Ci sono molte avvertenze, prima di arrivare a questa conclusione: la stima dell’Istat è preliminare, può essere rivista e non conosciamo la scomposizione per voci, quindi è difficile trarre conclusioni. Ma non è certo un dato che sorprende: l’aumento dei costi dell’energia riduce la capacità di spesa delle famiglie, l’incertezza sul futuro rallenta gli investimenti, le tensioni sui mercati e la riduzione degli stimoli delle banche centrali spinge i governi alla prudenza nell’uso della spesa pubblica. Lo spread, la differenza di rendimento tra titoli di debito sovrani italiani e tedeschi è passata dai 100 punti dell’insediamento di Mario Draghi a febbraio 2021 ai 184 attuali.
La frenata è un problema abbastanza diffuso nelle economie occidentali che risentono dell’alto costo delle materie prime. Soltanto la Germania, nel primo trimestre, ha fatto meglio delle attese con una comunque magra crescita dello 0,2 per cento.
Gli Stati Uniti hanno segnato una crescita negativa dello 0,4 per cento, che molti hanno attribuito a un aumento delle importazioni. Ma un aumento delle importazioni di per sé non riduce il Pil, visto che nell’equazione del Pil l’import compare con segno meno semplicemente per non contarlo due volte quando si calcolano i consumi.
L’unica ragione per cui un aumento delle importazioni può ridurre il Pil è se ad aumentare è il valore dei beni intermedi importati che quindi costringe le imprese domestiche ad aggiungere meno valore, perché non possono trasferire per intero il rincaro sui consumatori finali.
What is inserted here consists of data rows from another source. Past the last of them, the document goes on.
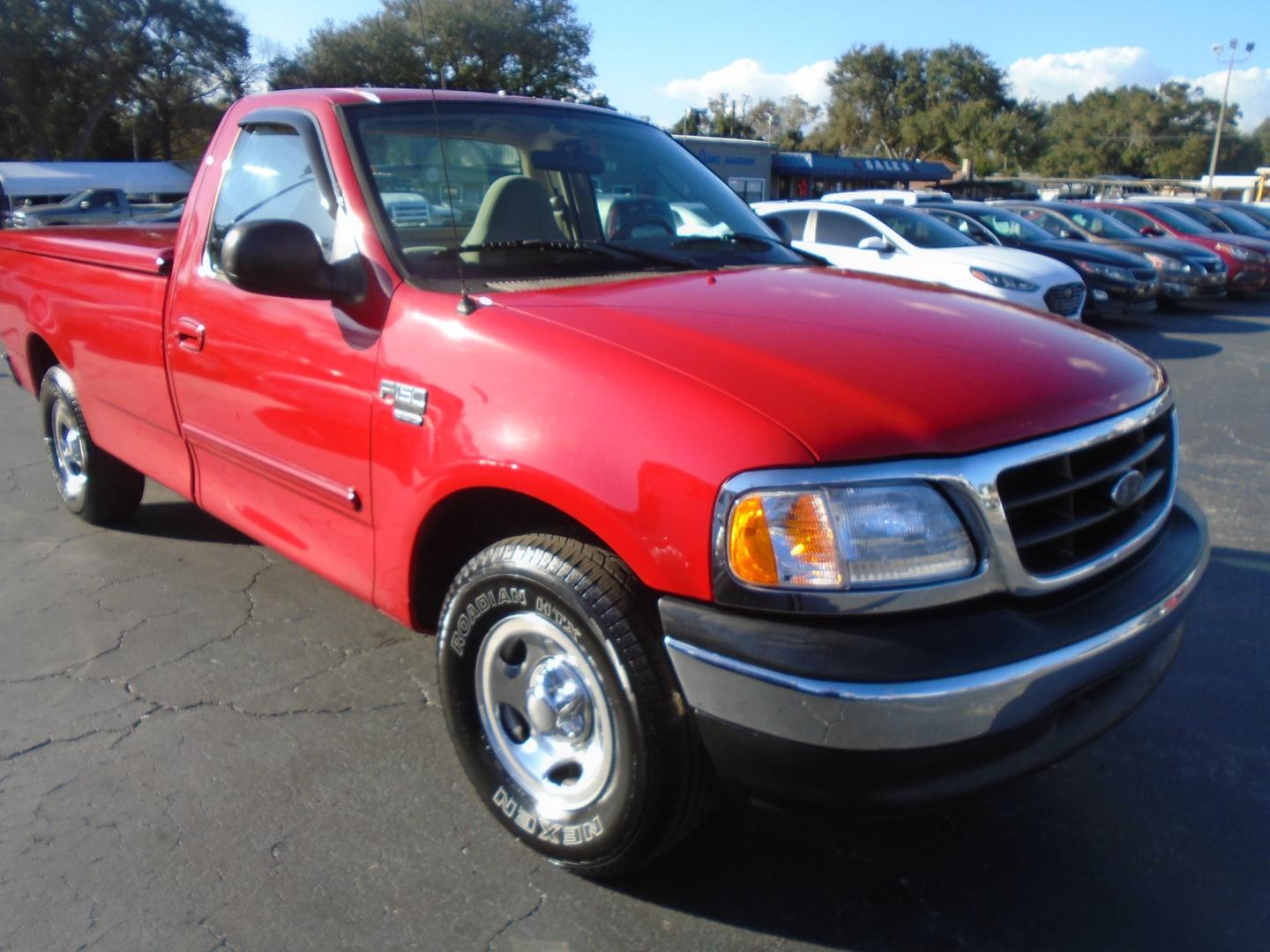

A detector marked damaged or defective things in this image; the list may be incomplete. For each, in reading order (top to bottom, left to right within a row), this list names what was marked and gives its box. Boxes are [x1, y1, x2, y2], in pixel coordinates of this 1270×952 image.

cracked asphalt [0, 300, 1263, 952] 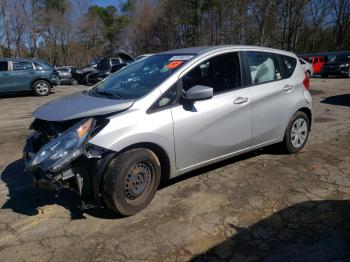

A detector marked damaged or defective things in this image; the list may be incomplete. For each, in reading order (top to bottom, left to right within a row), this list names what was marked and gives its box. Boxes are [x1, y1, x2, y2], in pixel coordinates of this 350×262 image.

crumpled hood [33, 91, 134, 122] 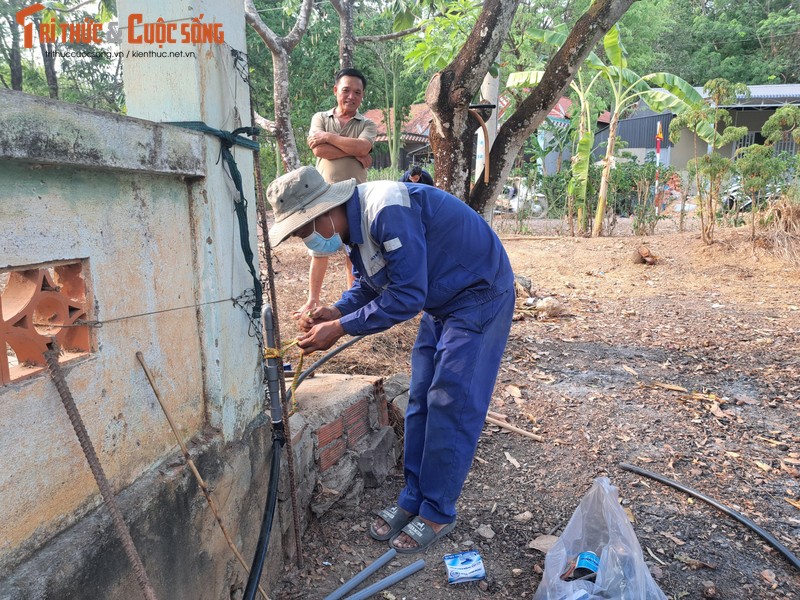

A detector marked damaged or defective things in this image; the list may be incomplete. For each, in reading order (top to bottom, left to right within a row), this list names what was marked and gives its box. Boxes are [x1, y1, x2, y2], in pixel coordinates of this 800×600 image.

rusty rebar [43, 346, 159, 600]
rusty rebar [137, 352, 272, 600] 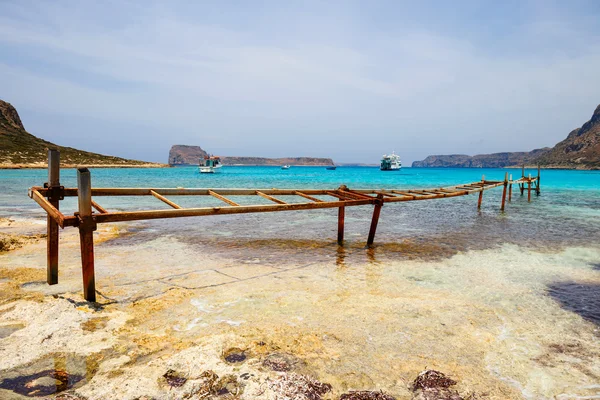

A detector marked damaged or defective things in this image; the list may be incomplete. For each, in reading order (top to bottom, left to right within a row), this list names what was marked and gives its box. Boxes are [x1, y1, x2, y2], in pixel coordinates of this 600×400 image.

rusty wooden pier [30, 150, 540, 300] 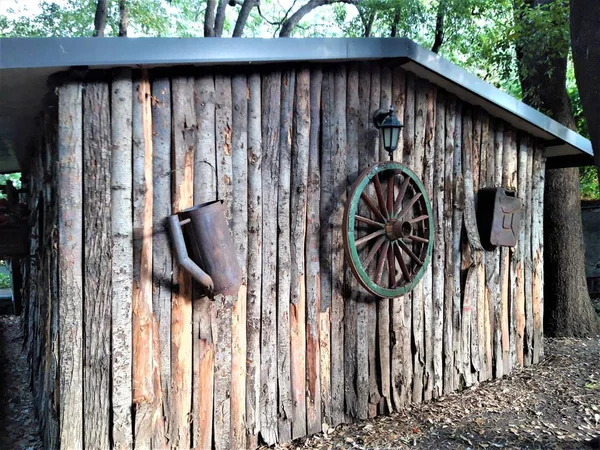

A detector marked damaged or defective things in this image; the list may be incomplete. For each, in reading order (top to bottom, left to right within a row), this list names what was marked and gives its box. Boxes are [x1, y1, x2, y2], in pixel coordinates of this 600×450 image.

rusty watering can [166, 200, 241, 298] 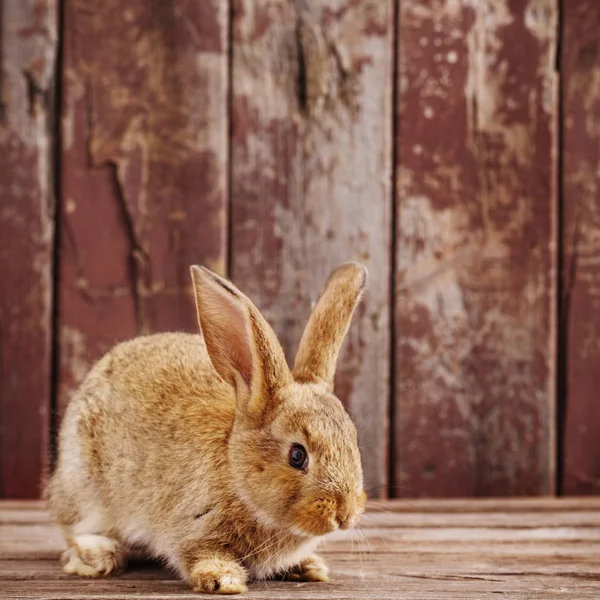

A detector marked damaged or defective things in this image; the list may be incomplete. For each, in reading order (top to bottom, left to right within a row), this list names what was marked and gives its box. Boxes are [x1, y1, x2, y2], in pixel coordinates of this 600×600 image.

chipped paint layer [394, 0, 556, 496] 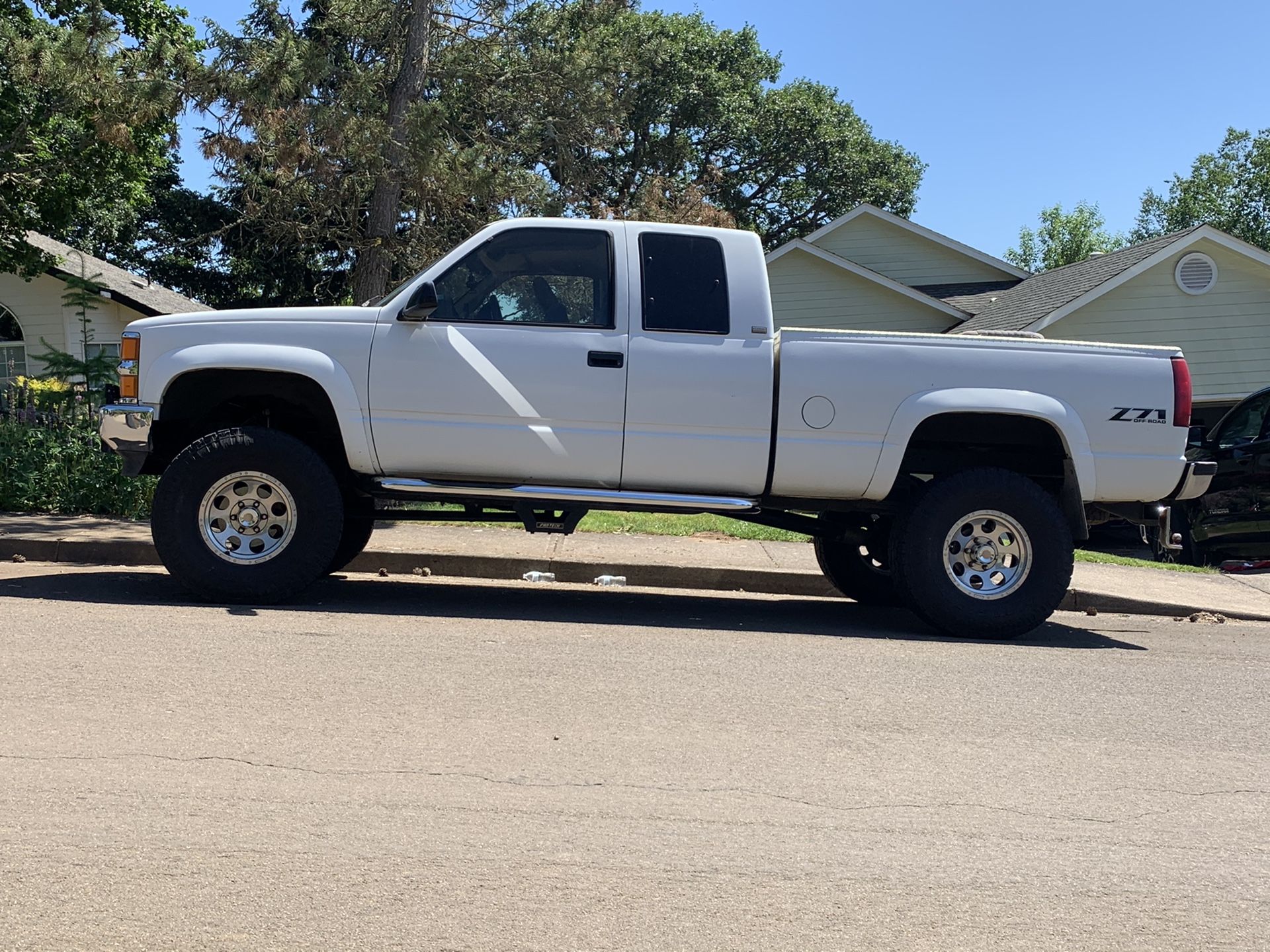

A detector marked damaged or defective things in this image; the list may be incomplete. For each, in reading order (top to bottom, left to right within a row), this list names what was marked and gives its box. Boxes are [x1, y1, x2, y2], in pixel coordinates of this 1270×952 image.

crack in asphalt [5, 756, 1265, 822] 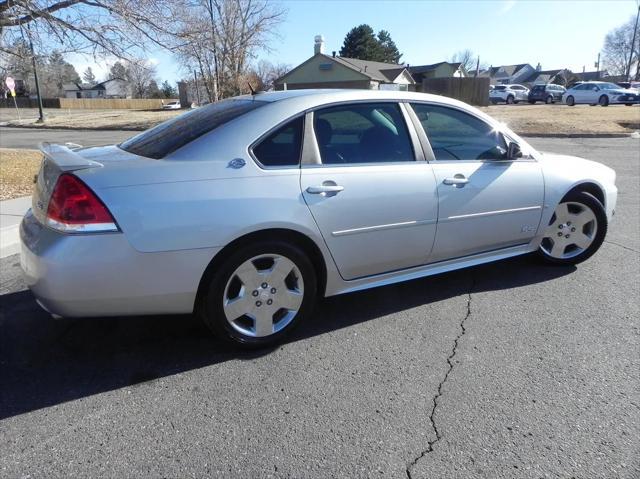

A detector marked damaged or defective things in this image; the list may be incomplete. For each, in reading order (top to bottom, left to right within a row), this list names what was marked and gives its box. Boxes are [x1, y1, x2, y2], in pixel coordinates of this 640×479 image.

cracked pavement [1, 137, 640, 478]
road crack [408, 276, 472, 478] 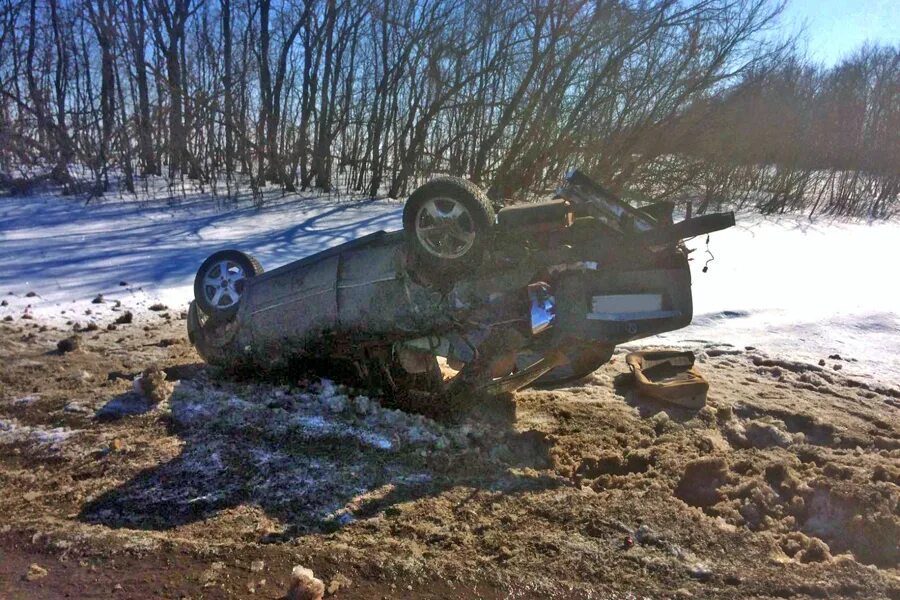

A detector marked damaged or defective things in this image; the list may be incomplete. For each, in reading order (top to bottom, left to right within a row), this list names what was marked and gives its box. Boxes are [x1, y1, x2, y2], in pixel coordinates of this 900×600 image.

exposed car wheel [404, 175, 496, 276]
exposed car wheel [190, 250, 260, 324]
overturned car [188, 171, 732, 406]
exposed car wheel [532, 342, 616, 390]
Anche gli Stati Uniti, insomma, risentono dell’aumento dei costi dell’energia e delle conseguenze destabilizzanti di un’inflazione da record, visto che anche al netto dell’energia e del cibo (le componenti più volatili) marcia al ritmo del 5 per cento. A breve la Federal Reserve, la banca centrale americana, alzerà il costo del denaro di circa mezzo punto, primo di una serie di rialzi, e la frenata ulteriore dell’economia sarà inevitabile.
Guerra continua
La speranza è che a una riduzione della domanda corrisponda anche un rapido contenimento dell’inflazione, altrimenti gli Stati Uniti potrebbero confrontarsi con la spirale della stagflazione, prezzi in aumento e attività economica in contrazione.
Gran parte di questi problemi, inclusi i rincari nelle materie prime, pre-esistono alla guerra: sono trend iniziati da molto tempo, forse addirittura dalla reazione alla crisi economica del 2008 (anche i prezzi delle case, negli Stati Uniti, sono tornati ai massimi). Ma in più ora c’è la guerra.
I contratti futures sul mercato del gas olandese, considerato il riferimento per l’Europa, indicano che gli investitori non si aspettano un peggioramento della situazione del tipo di un brusco stop delle forniture russe al mercato europeo. Eppure questi sono giorni di escalation, a parole sul fronte economico, con le richieste del presidente russo Vladimir Putin di pagare il gas in rubli e i paesi Ue che si rifiutano e valutano altre sanzioni. Ma l’esclation sta diventando molto concreta anche sul piano militare, il presidente americano Joe Biden ha chiesto al Congresso di stanziare 33 miliardi di dollari per finanziare l’impegno bellico almeno fino a settembre.
Con una guerra lunga mesi o anni, le previsioni dei mercati verranno presto riviste al ribasso. E l’impatto sull’attività economica seguirà. La frenata registrata nel primo trimestre potrebbe diventare una drastica inversione di marcia.